Sumptuous, if you haven't figured out by now, you won't impress many people on this site with stories of street racing or your skills as a driver. Your 18. I'd be suprised if you really had any formal racing training. Otherwise, you'd be wise enough not to street race.

However, I could be wrong.

End of discussion. Let's discuss BMWs. :thumb:


----------



## ff (Dec 19, 2001)

Sumptuous said:


> *oooo my car is like a honda magnet . Lol they always pull up to me Acting like they could match the awsome power of a 330? I mean come on man . . lol like the Guy in the 1998 m3 told ME . . "NO CONTEST" lol. last night on a posted 35 mph limit I raced a Acura integra :tsk: . . who i beat by like 6 car length andd! a reall contest going 105 in a 35 :yikes: I beat a hardtop black 330 maybe it was a 325 I dont know I was really to far ahead of him lol.:thumb: Ohh also i got in arace with a Acura RSX Type S i have to give that guy props cuz he did take me off the line but clearly his power reduced in high gears
> 
> p.s. Sorry Rip i know how you hate these things . Its just when someone lines up to me and acts like he has a BETTER car then a Bimmer it pisses me off lol.
> 
> P.s.S at least it was on a quiet street no one was around? lol *


zzzzzzz, Snore......boring..........

Hey Encino Man, this quote was hilarious:

"i have to give that guy props cuz he did take me off the line but clearly his power reduced in high gears"

Hahahahahahahaha!!!!! I suppose his thermothokle array was running low on halogen fluid? You're such a dork.


----------



## Chris330Ci (Jan 23, 2002)

You are obviously very immature about many areas of life and you only prove that more by your recurring posts and what you choose to say in them.

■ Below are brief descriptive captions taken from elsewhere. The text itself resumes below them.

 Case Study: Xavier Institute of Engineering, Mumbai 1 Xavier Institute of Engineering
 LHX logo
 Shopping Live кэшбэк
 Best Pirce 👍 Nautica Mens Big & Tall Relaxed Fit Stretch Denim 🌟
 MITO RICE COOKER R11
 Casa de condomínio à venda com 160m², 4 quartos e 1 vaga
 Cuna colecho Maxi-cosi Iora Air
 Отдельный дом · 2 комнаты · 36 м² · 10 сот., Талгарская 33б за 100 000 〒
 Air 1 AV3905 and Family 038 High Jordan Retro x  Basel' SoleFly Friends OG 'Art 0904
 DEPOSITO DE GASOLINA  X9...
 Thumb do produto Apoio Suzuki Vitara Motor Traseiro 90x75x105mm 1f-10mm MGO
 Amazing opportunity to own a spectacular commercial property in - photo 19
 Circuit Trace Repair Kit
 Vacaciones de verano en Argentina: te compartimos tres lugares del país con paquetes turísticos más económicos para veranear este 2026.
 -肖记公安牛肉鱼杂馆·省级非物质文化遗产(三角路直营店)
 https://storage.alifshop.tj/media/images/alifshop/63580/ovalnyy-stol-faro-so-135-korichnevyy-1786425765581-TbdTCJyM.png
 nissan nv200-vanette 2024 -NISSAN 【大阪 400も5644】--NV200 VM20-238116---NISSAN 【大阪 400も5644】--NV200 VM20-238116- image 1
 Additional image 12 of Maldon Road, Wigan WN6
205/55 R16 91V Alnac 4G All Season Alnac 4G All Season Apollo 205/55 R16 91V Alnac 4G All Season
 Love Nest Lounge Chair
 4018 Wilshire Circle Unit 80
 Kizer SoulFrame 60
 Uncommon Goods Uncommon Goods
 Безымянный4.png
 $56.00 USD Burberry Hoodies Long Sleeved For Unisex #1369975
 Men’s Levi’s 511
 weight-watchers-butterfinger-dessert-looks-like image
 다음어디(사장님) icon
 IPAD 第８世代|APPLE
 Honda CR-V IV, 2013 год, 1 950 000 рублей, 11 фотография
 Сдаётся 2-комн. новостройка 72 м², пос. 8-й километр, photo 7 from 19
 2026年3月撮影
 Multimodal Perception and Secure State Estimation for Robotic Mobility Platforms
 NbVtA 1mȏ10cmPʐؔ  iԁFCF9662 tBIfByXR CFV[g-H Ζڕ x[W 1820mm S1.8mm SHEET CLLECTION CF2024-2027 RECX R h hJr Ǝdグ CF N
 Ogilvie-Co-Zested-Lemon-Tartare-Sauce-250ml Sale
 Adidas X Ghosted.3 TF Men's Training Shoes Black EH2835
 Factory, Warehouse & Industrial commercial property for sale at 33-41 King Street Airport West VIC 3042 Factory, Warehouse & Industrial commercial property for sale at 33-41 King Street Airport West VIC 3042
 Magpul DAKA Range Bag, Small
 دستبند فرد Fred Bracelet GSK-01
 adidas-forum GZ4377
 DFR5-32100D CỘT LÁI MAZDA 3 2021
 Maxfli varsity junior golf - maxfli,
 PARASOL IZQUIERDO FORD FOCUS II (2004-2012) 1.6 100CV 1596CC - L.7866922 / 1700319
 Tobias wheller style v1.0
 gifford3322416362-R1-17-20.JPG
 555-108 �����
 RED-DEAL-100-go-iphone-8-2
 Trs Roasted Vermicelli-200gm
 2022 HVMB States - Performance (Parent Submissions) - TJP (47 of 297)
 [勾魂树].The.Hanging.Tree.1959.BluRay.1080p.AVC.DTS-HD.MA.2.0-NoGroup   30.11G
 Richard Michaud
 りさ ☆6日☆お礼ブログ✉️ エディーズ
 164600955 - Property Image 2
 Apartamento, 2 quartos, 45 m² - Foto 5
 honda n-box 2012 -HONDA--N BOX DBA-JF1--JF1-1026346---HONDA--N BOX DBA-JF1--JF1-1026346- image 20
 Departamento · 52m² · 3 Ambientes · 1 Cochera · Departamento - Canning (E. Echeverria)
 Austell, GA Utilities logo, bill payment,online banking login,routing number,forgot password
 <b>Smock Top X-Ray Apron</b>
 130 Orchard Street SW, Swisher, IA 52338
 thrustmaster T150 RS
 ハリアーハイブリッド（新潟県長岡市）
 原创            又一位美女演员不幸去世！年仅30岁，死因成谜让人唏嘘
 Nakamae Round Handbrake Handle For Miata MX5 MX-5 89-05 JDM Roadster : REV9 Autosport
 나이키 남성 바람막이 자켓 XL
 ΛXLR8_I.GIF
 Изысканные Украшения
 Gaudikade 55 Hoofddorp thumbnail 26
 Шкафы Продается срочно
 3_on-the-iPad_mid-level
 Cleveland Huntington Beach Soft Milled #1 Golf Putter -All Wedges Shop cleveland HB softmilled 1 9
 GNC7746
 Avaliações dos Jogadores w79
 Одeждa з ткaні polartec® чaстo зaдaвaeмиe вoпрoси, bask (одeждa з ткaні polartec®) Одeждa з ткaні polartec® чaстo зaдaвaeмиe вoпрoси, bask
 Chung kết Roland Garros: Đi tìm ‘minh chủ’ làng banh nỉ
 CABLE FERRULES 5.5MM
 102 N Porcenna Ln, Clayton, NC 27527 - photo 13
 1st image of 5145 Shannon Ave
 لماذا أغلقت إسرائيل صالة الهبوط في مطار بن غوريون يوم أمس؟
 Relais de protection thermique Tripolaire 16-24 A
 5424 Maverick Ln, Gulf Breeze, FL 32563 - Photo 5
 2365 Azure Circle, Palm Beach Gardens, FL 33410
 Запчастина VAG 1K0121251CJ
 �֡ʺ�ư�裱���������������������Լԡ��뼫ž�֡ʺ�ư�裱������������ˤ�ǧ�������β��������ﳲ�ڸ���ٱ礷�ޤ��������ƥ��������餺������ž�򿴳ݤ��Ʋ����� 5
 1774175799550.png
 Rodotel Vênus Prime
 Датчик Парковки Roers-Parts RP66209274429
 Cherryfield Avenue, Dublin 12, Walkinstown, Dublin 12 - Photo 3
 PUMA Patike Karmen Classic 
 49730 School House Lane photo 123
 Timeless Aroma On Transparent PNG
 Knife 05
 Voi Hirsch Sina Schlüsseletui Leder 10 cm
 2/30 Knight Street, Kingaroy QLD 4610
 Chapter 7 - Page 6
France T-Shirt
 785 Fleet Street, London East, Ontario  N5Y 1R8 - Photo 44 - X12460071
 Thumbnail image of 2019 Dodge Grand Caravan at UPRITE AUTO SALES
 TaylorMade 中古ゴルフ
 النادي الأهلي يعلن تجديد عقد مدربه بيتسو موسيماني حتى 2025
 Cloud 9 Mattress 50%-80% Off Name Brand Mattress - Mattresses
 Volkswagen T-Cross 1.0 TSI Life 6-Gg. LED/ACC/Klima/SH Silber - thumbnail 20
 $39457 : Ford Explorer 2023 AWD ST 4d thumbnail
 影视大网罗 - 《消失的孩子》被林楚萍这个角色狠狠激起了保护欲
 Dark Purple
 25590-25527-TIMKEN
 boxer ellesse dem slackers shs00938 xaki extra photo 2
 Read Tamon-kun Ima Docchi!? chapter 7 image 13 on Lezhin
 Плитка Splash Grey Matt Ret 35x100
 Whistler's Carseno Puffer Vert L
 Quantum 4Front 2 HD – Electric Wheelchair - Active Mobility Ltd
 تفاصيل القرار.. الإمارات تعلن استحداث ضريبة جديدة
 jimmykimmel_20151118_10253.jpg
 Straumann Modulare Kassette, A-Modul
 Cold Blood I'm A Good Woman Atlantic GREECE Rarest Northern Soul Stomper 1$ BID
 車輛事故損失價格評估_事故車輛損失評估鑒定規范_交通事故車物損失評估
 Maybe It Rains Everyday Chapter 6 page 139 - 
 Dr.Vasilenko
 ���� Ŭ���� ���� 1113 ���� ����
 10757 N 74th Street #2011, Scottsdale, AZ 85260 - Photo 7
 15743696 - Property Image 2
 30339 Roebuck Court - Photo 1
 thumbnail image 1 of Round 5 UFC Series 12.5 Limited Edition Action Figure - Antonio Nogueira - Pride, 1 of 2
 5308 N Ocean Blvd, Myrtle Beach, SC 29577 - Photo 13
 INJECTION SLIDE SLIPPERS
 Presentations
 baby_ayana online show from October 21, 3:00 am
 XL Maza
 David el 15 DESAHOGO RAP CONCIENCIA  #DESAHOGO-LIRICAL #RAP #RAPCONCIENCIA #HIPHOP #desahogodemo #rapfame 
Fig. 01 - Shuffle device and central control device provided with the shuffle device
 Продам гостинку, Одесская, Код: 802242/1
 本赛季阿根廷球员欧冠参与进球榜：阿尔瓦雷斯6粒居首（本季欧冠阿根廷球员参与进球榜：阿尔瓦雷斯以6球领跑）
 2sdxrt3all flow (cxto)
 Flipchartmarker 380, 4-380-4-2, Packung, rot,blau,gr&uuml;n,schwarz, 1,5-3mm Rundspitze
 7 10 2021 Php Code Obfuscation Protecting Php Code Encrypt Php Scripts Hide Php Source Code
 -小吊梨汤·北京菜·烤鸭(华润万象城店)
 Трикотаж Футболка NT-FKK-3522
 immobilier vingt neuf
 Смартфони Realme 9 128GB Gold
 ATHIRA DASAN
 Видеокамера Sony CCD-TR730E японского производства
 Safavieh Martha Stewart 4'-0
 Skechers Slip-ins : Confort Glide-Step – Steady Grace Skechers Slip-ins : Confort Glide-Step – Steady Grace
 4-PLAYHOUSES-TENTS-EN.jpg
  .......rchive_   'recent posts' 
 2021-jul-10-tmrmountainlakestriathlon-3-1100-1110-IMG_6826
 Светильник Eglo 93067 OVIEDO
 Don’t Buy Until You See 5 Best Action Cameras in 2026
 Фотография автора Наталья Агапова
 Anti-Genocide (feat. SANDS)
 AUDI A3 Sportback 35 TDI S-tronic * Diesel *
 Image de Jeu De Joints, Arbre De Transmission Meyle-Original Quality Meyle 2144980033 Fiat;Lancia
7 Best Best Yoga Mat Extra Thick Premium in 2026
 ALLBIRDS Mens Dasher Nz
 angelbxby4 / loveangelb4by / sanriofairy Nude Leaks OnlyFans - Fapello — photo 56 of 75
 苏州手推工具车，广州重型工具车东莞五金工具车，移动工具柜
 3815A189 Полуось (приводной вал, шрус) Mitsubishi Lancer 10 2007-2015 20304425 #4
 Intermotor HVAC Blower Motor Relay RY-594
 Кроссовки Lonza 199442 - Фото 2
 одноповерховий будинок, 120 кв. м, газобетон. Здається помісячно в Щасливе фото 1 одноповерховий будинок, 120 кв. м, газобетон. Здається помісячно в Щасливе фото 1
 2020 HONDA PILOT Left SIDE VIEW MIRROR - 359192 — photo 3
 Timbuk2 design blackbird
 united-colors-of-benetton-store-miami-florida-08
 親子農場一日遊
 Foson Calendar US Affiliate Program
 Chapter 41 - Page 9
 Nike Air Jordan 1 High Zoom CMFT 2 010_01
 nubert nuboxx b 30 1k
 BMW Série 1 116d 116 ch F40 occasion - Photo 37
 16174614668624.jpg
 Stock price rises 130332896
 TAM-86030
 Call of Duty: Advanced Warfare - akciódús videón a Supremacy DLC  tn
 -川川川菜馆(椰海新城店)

I am happy to know that I am on the opposite coast from you so as to not have to worry about running into you out on the road somewhere where you are putting innocent lives at risk for your own self gratification.

Please note that the pix below represent people who thought they were invincible just like yourself...sleep well...

Honda S2000










M3 Convertible


----------



## TrevLong (Jan 22, 2002)

*Take it to the TRACK! Huh?*

I frequent the local track during the drag racing season with my '65 GTO. This is 1/4 mile stuff mind you. But the great thing is you ACTUALLY know how fast YOU are. Not just bragging that your car does the 1/4 or 0-60 is "X" amount of time because you THINK it will, or you read it in some magazine. The track has timers, no speed limit, and no innocent pedestians in the path. A time slip does not lie.

What really suprises me is these so called "tough guys" with their bad ass Hondas and some BWM's I must admit, actually show up but DON'T RACE! They either sit back and "Bench Race"or make one pass down the track and find out that they aren't as fast as they thought they were and go home embarrassed. I can't remember the number of "12 second *****s" I have seen only manage a 16 to 17 second pass. Must have been bad air that night!

I also love to go fast, but you must take it to the track! It doesn't make you any faster or cooler racing on the street. You can also use the track as an acurate tuning tool to evaluate you modifications and tuning.


----------



## Cowboy (Dec 27, 2001)

Sumptuous said:


> *P.s.S at least it was on a quiet street no one was around? lol *


Sumptuous, you are a total ASSHAT.


----------



## Mike 325xi (Dec 19, 2001)

Sumptuous said:


> *last night on a posted 35 mph limit I raced a Acura integra :tsk: . . who i beat by like 6 car length andd! a reall contest going 105 in a 35 :yikes: *


I really hope this is a joke...if not then you are a complete moron and I hope the cops get you before you kill yourself or much worse kill someone else. They should catch you and take your license away on the spot.

Grow up...you won't impress people on this board with that kind of idiotic B.S.


----------



## ayn (Dec 19, 2001)

Check out this website and think before you drive 100mph on public street next time!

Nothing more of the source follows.